Dog with the happy heart

It is hard for me to describe one dog without reference to the other. Elky and Tassel are quite different in temperment, and I have come to think of them as two differently charged particles that in many ways seem to define each other. But I will try to keep the focus on Tassel alone in this post, the girl in the picture cooling her heels at a recent herding event.

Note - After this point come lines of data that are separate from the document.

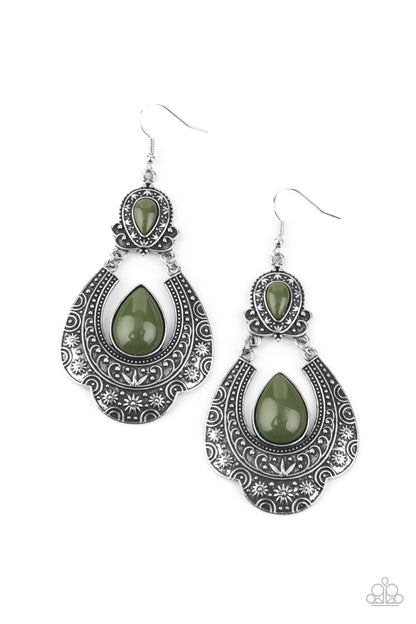 Rise and Roam Military Olive Green Earrings Paparazzi Accessories $5 Jewelry. Get Free Shipping!  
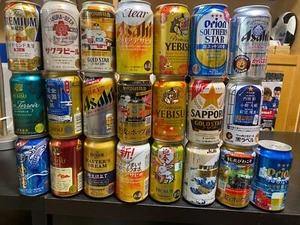 VERKAUFT? Japan Bierdosen x22 LEER 350 ml TOP-VERSIEGELT ZÜGE Sakura STERNE Orion - Bild 1 von 8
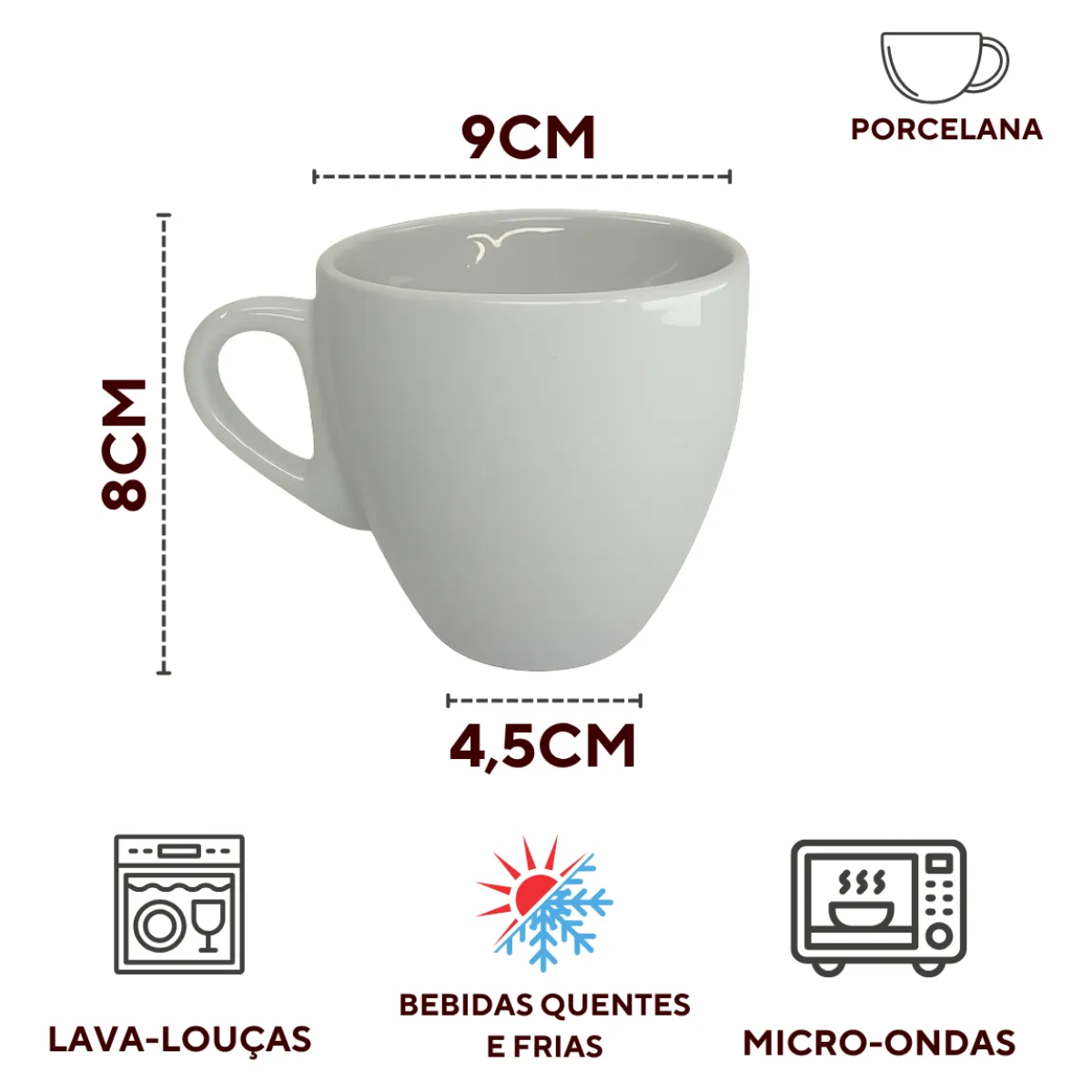 Xicara Coquinho Porcelana 200ml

Joanna calls her the dog with the happy heart, and that's how I think of her now. My early morning routine begins around 6:30 or 7:00. I put the tea kettle on to boil, feed the marvelous cats Mavis and Jake, and then go to my study where the dogs sleep each night in their crates...as they have each night for practically their entire lives. They are wide awake and eager for their morning to begin, barely pausing for a skritch before loping to the front door. After a routine "sit stay" to give me room to open the door, they watch me carefully for the "OK" that marks the start of the morning scramble. For a dog who just spent 8 or 10 hours in her crate, one would assume the first order of the day would be to find a place to pee, but for Tass it is to gallop down the driveway, tail held high and wagging, then turn around and run back to me for a quick and enthusiastic embrace before making the circuit again. She is the embodiment of that phrase from Psalms, "This is the day the Lord has made; let us be rejoice and be glad in it."

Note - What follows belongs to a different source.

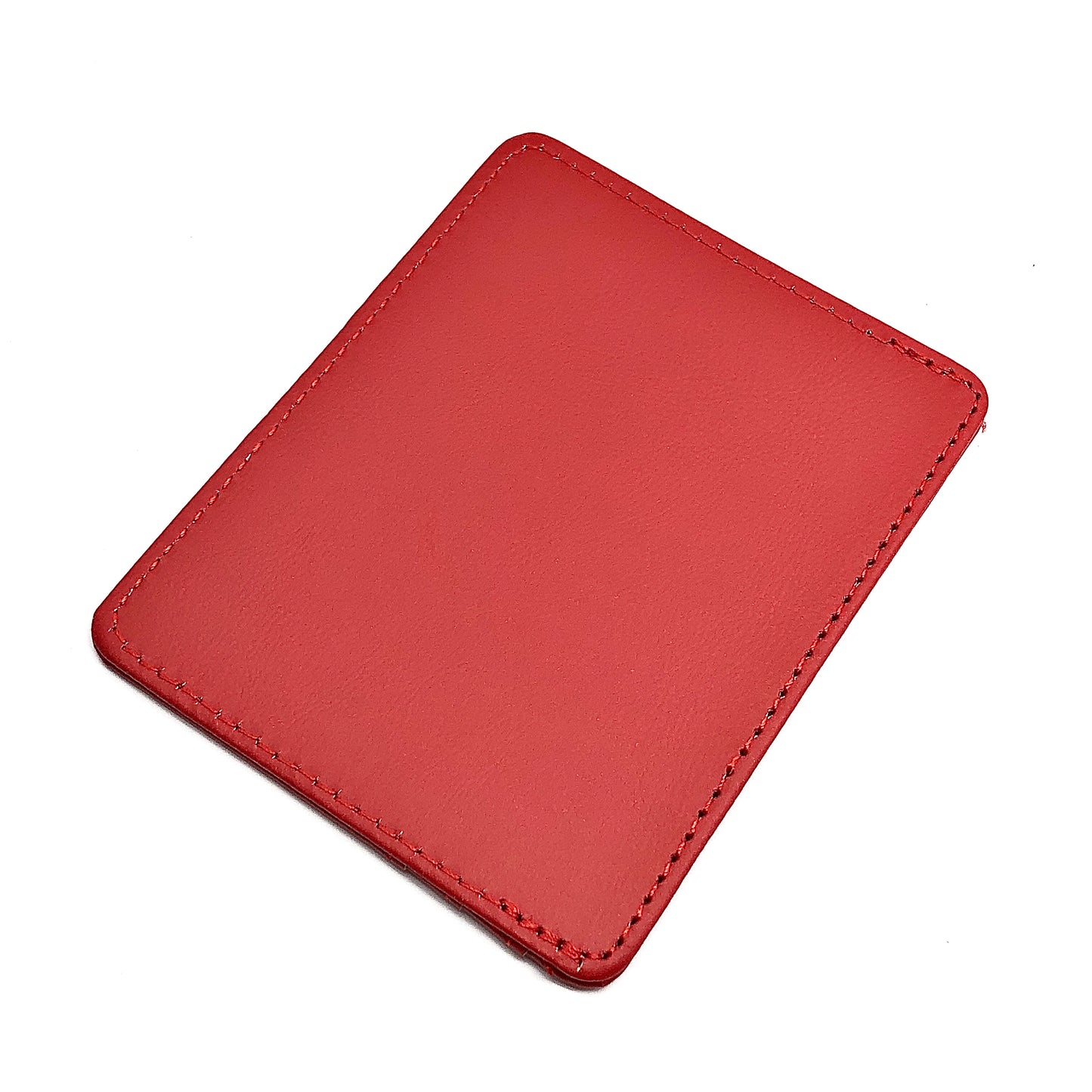 Red Faux Leather Slim Profile Wallet / Credit Card Holder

I have never known a dog so compliant when it comes to recall. I walk Tassle and Elky for an hour or so each morning, and for half the time or more the dogs are off leash: romping up and down our wooded trails or hiking across the open fields at the 95 acre Battlepoint Park. Tassle likes to "take point" to use the old infantry phrase: she'll lead our party, staying anywhere from a few feet ahead to 30 yards or more. She is always sure to know where the rest of us are, even though she might be out of sight. She hesitates at any trail junctions or obvious branches in our walk long enough to get her cue for which way we'll go, but much of the time she is well down the road ahead of us. But regardless of what fascinations of scent or sight she may be enjoying, when I call her she turns at once and comes to me...and she's as glad to see me then as she is on that first morning romp.

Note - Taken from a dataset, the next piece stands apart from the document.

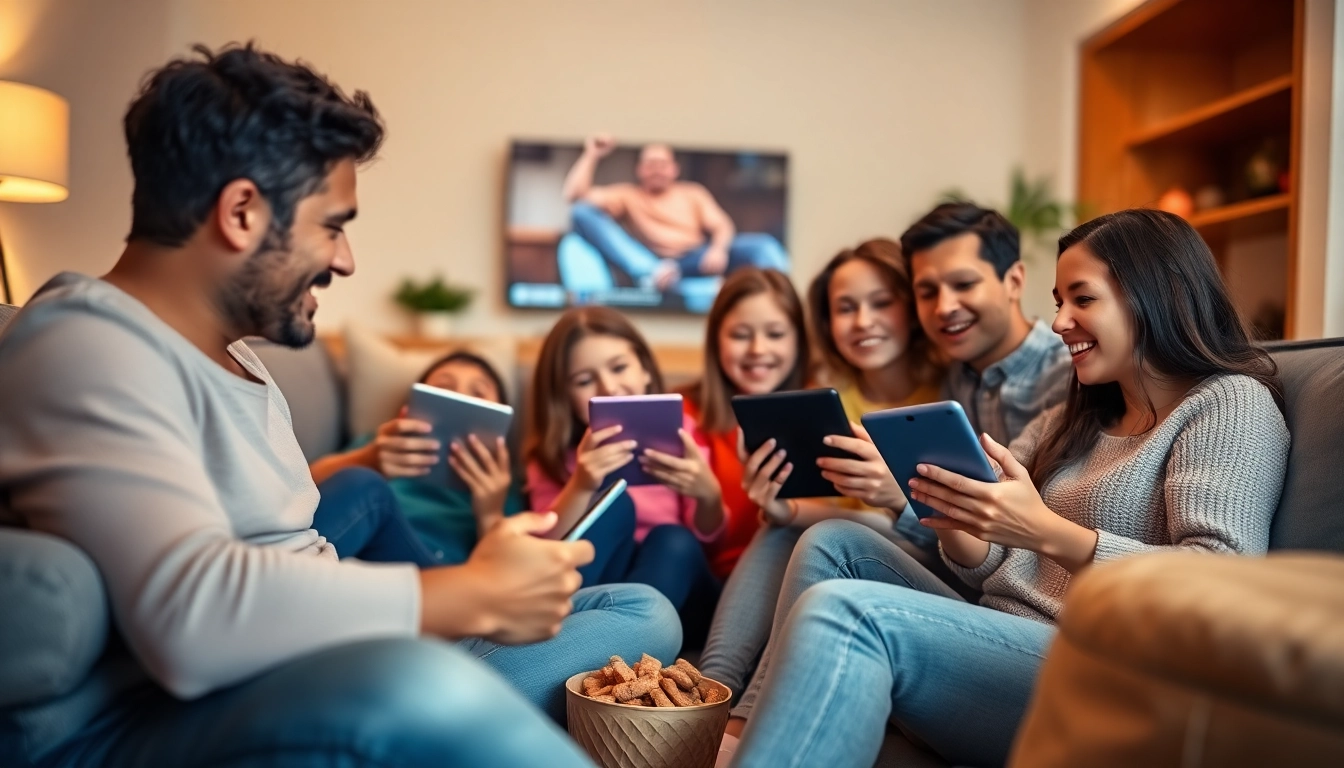 Family enjoying the Mom IPTV service on their devices in a cozy living room setting.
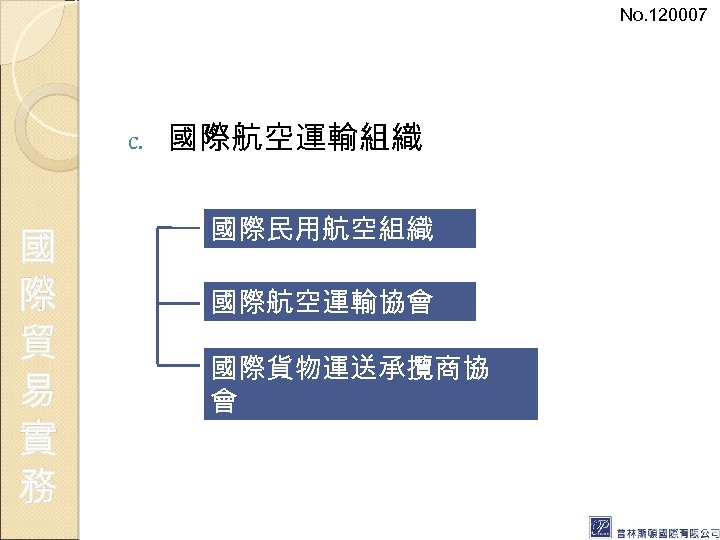 No. 120007 c. 國 際 貿 易 實 務 國際航空運輸組織 國際民用航空組織 國際航空運輸協會 國際貨物運送承攬商協 會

There are many feral rabbits at the park, progeny of years of liberated Easter bunnies (and thus of many sizes, shapes, and colors) and it is Tassle's considerable pleasure to chase them to the entrance of their warrens that honeycomb the thickets of wild rose and blackberry brambles. The other morning we came over a little berm and surprised a half dozen or more grazing in an open field near the park's rock quarry. The dogs lit out immediately in pursuit, the rabbits scattered and, while there was little danger of their actually catching one, I called the dogs back lest they bolt through the gate and into the road. Much to my surprise and pleasure, Tass abandoned the chase immediately and came trotting back, tongue lolling, and with a most satisfied look on her face. Elky is so used to following her on our walks that she, too, turned around.

Midway through our walk we come to a paved path encircling the duck pond. A water faucet stands near the path, and some kind soul has placed a large water bowl beneath it where we stop for a drink. I usually wash out the dish and refresh the water, then step back to watch Tass's delightful routine. All the dogs I have known drink by placing their noses near the water and lapping it up with their tongues. Tassel, on the other hand, pushes her muzzle all the way under the water, blowing bubbles out her nose and sipping the water rather like a horse or cow might do. On our walks she follows this by placing both her front paws in the bowl and making little digging motions. Whether she's literally cooling her heels or just doing a little doggie rejoicing in the day is anybody's guess.

One of the things I most like is to watch Tass in motion: she has the most beautifully even gait I have seen on a dog. I would never have thought a stumpy-legged Corgi on the move would be anything but comical waddle, but Tassle has perfect balance and poise. Her ears are at perked, her head is high, and she moves across the landscape as though she were queen of the world.